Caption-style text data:
------------------------------------------------------------

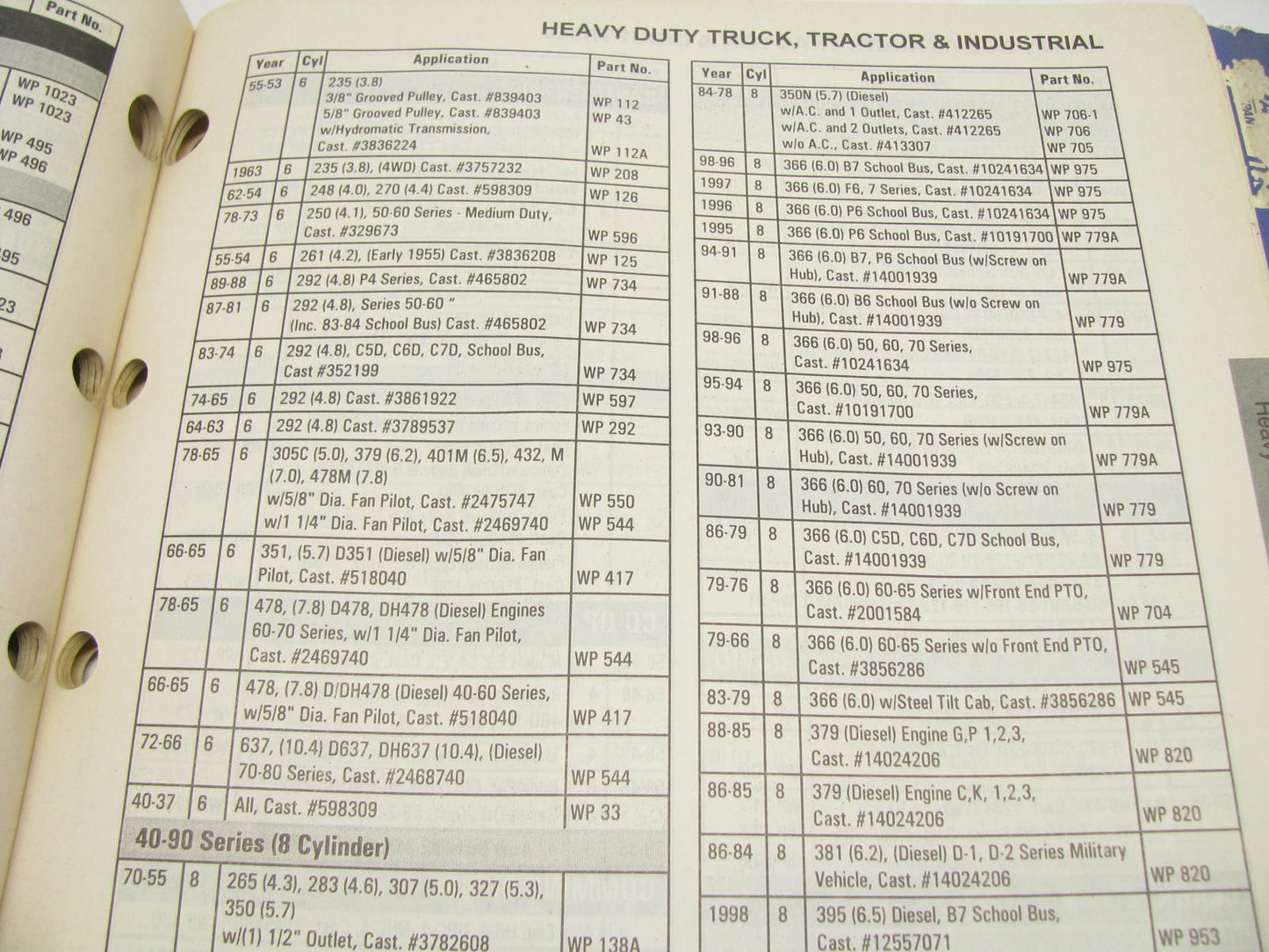 Hastings WP1-399-5 Quality Remanufactured Water Pumps Catalog - 1995, 87 Pages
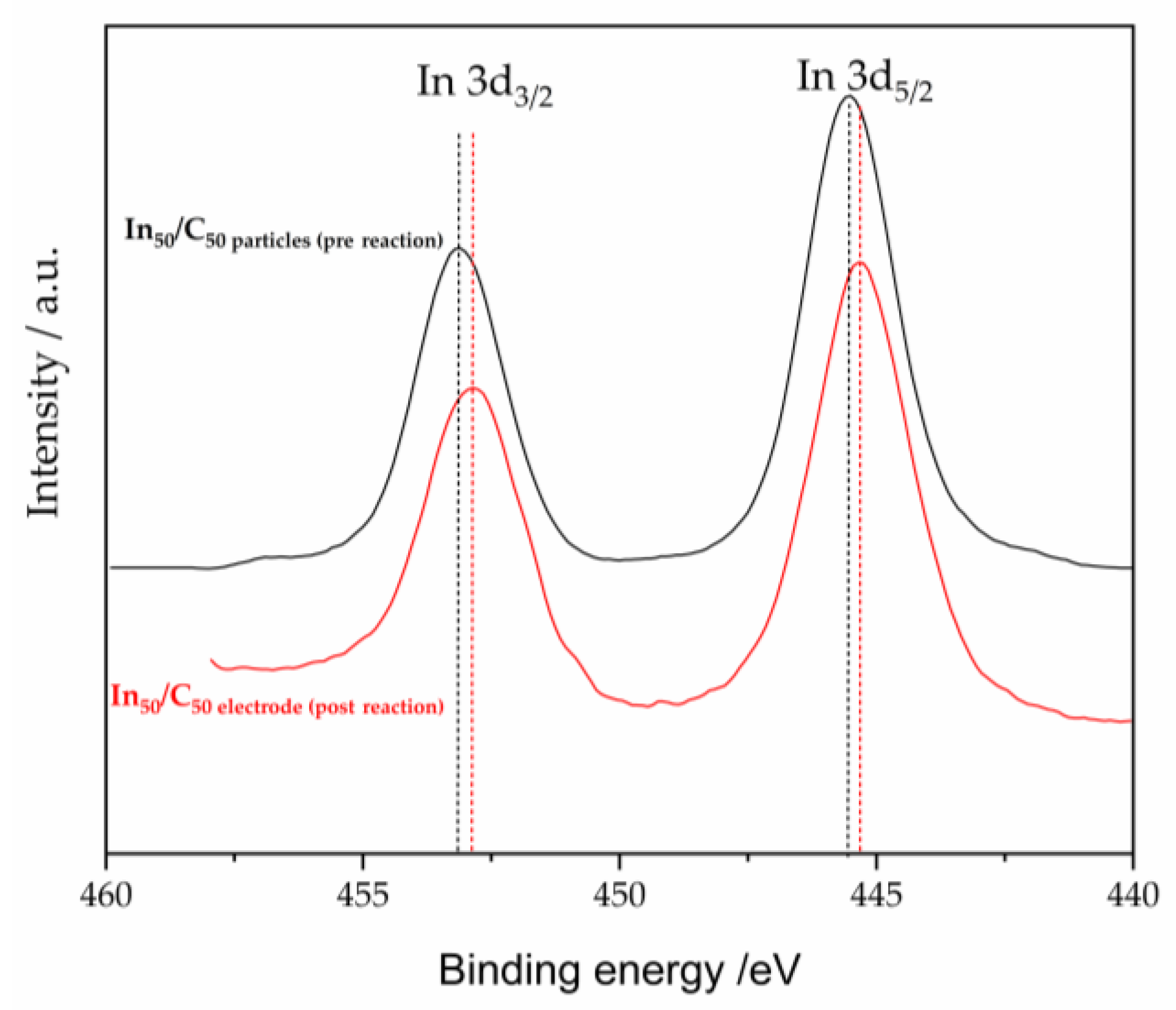 Nanomaterials 13 01304 g011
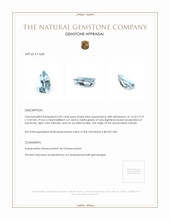 5.05 Ct. Aquamarine from Brazil Appraisal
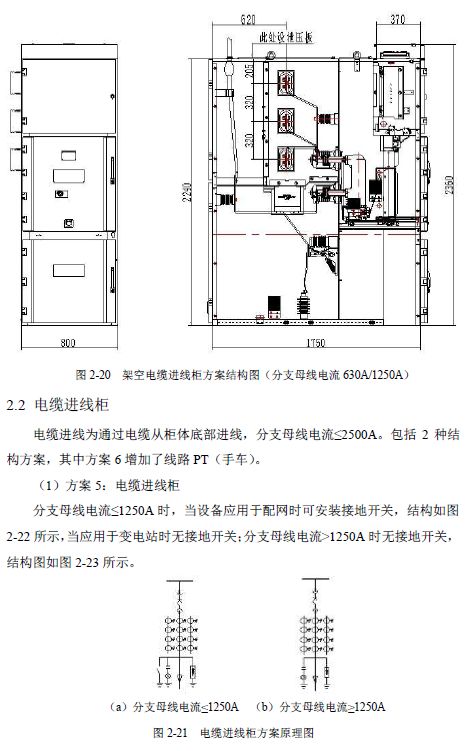 WWW 12 KV手车类型开关柜标准化设计定制方案(2019年版)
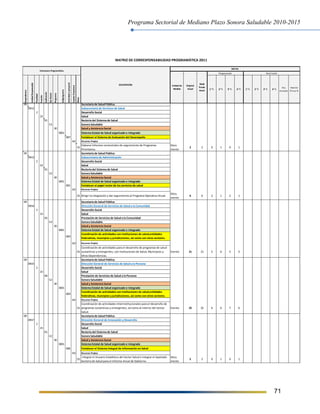 Programa Sectorial de Mediano Plazo Sonora Saludable 2010-2015
71
09 Secretaría de Salud Pública
0912 Subsecretaría de Servicios de Salud
2 Desarrollo Social
23 Salud
01 Rectoria del Sistema de Salud
E2 Sonora Saludable
30 Salud y Asistencia Social
3001 Sistema Estatal de Salud organizado e integrado
007 Fortalecer el Sistema de Evaluación del Desempeño
A0 Recursos Propios
01
Elaborar Informes semestrales de seguimiento de Programas
Prioritarios.
Docu
mento
2 2 0 1 0 1
09 Secretaría de Salud Pública
0913 Subsecretaría de Administración
2 Desarrollo Social
23 Salud
01 Rectoria del Sistema de Salud
E2 Sonora Saludable
30 Salud y Asistencia Social
3001 Sistema Estatal de Salud organizado e integrado
001 Fortalecer el papel rector de los servicios de salud
A0 Recursos Propios
01 Dirigir la integración y dar seguimiento al Programa Operativo Anual.
Docu
mento
6 6 2 1 2 1
09 Secretaría de Salud Pública
0914 Dirección General de Servicios de Salud a la Comunidad
2 Desarrollo Social
23 Salud
05 Prestación de Servicios de Salud a la Comunidad
E2 Sonora Saludable
30 Salud y Asistencia Social
3001 Sistema Estatal de Salud organizado e integrado
004
Coordinación de actividades con instituciones de salud,entidades
federativas, muncipios y jurisdicciones, así como con otros sectores.
A0 Recursos Propios
01
Coordinación de actividades para el desarrollo de programas de salud
sustantivos y emergentes, con Instituciones de Salud, Municipios y
Otras Dependencias.
Evento 21 21 5 6 5 5
09 Secretaría de Salud Pública
0915 Dirección General de Servicios de Salud a la Persona
2 Desarrollo Social
23 Salud
06 Prestación de Servicios de Salud a la Persona
E2 Sonora Saludable
30 Salud y Asistencia Social
3001 Sistema Estatal de Salud organizado e integrado
004
Coordinación de actividades con instituciones de salud,entidades
federativas, muncipios y jurisdicciones, así como con otros sectores.
A0 Recursos Propios
01
Coordinación de actividades Interinstitucionales para el desarrollo de
programas sustantivos y emergentes, así como al interior del Sector
Salud.
Evento 25 25 6 6 7 6
09 Secretaría de Salud Pública
0917 Dirección General de Innovación y Desarrollo
2 Desarrollo Social
23 Salud
01 Rectoria del Sistema de Salud
E2 Sonora Saludable
30 Salud y Asistencia Social
3001 Sistema Estatal de Salud organizado e integrado
006 Fortalecer el Sistema Integral de Información en Salud
A0 Recursos Propios
01
Integrar el Anuario Estadístico del Sector Salud e Integrar el Apartado
Sectoria de Salud para el Informe Anual de Gobierno.
Docu
mento
2 2 0 1 0 1
Dependencia
UnidadResponsable
Finalidad
Función
Subfunción
EjeRector
Programa
Subprograma
Actividadoproyecto
FuenteFinanciera
Meta
1° T. 2° T. 3° T. 4° T. 1° T. 2° T. 3° T. 4° T.
Acu
mulado
Avance
Físico %
MATRIZ DE CORRESPONSABILIDAD PROGRAMÁTICA 2011
Realizado
Original
Anual
Modi
ficado
Anual
METAS
DESCRIPCIÓN Unidad de
Medida
Estructura Programática
Programado
 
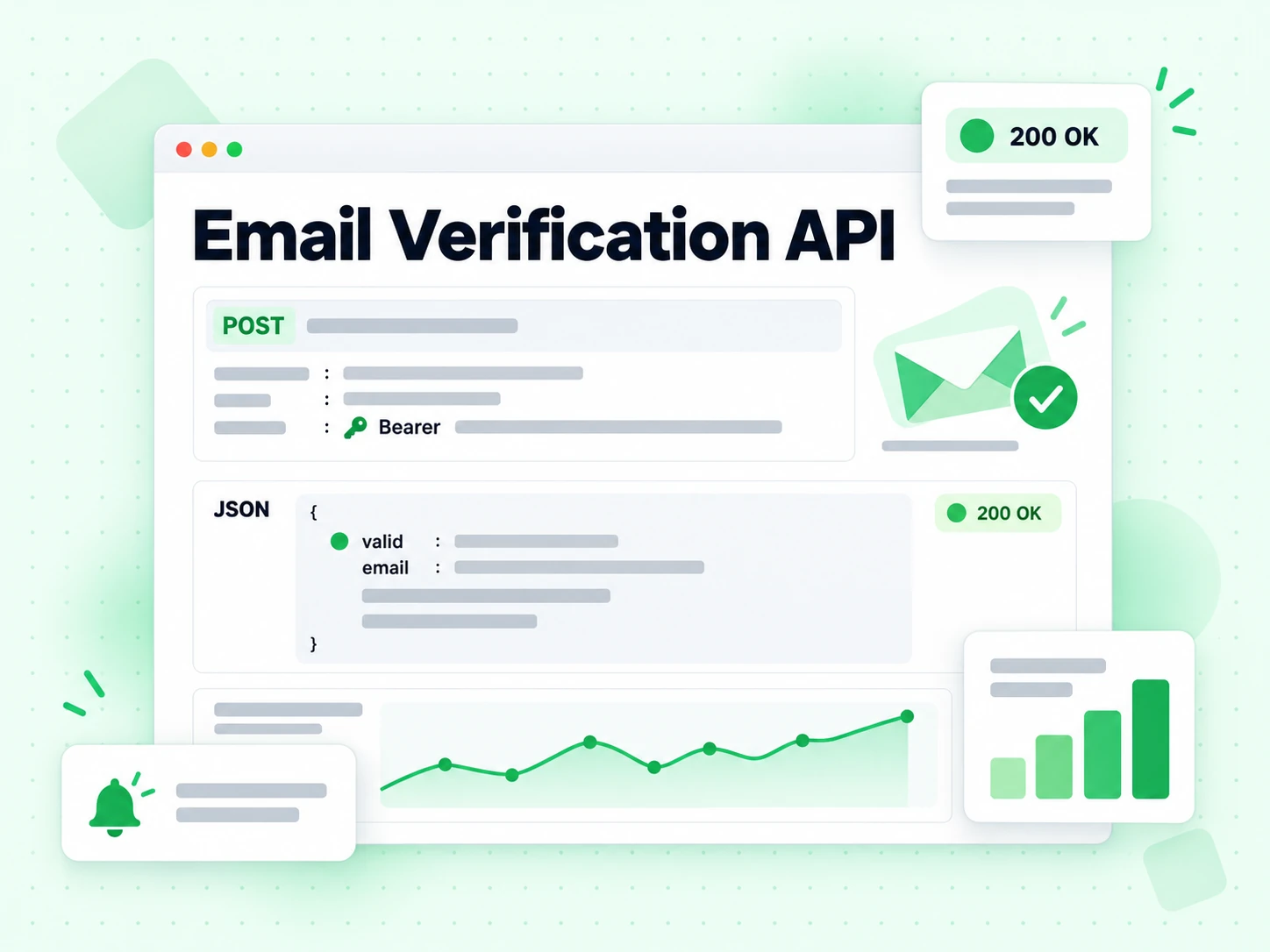 Konsole der E-Mail-Verifizierungs-API mit Bearer-Auth-POST-Request, 200 OK-Pille und Verfügbarkeits-Chart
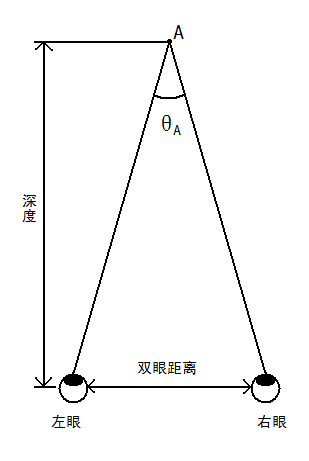 圖2&amp;nbsp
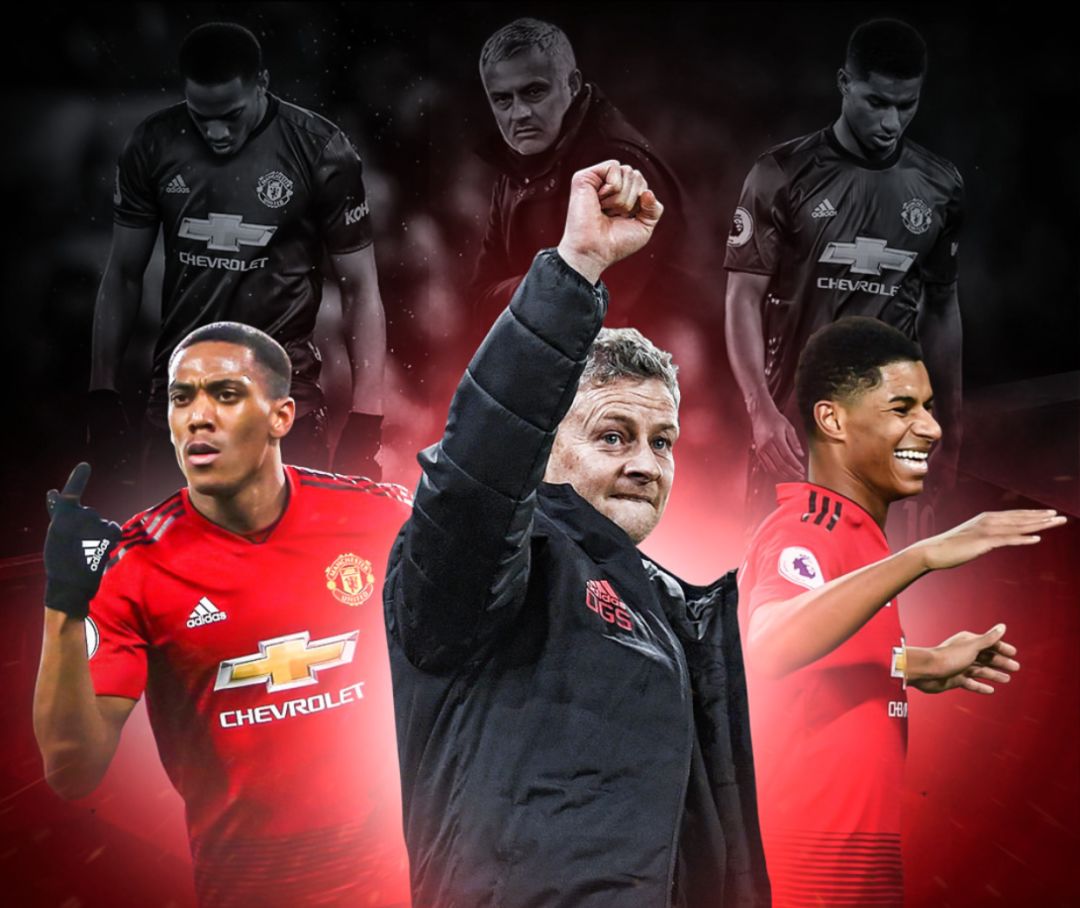 适应问题 适应问题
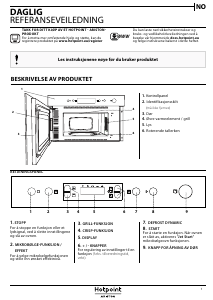 Bruksanvisning Hotpoint MN 614 IX HA Mikrobølgeovn
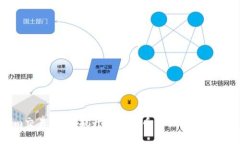 Tokenim交易加速：提升加密
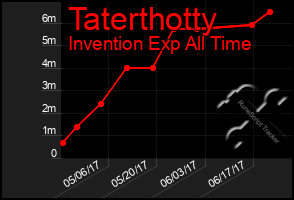 Total Graph of Taterthotty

------------------------------------------------------------

Gather each line in the data that holds the string "Anual".

__Answer to this problem__.
01 Dirigir la integración y dar seguimiento al Programa Operativo Anual.
Sectoria de Salud para el Informe Anual de Gobierno.
Anual
Anual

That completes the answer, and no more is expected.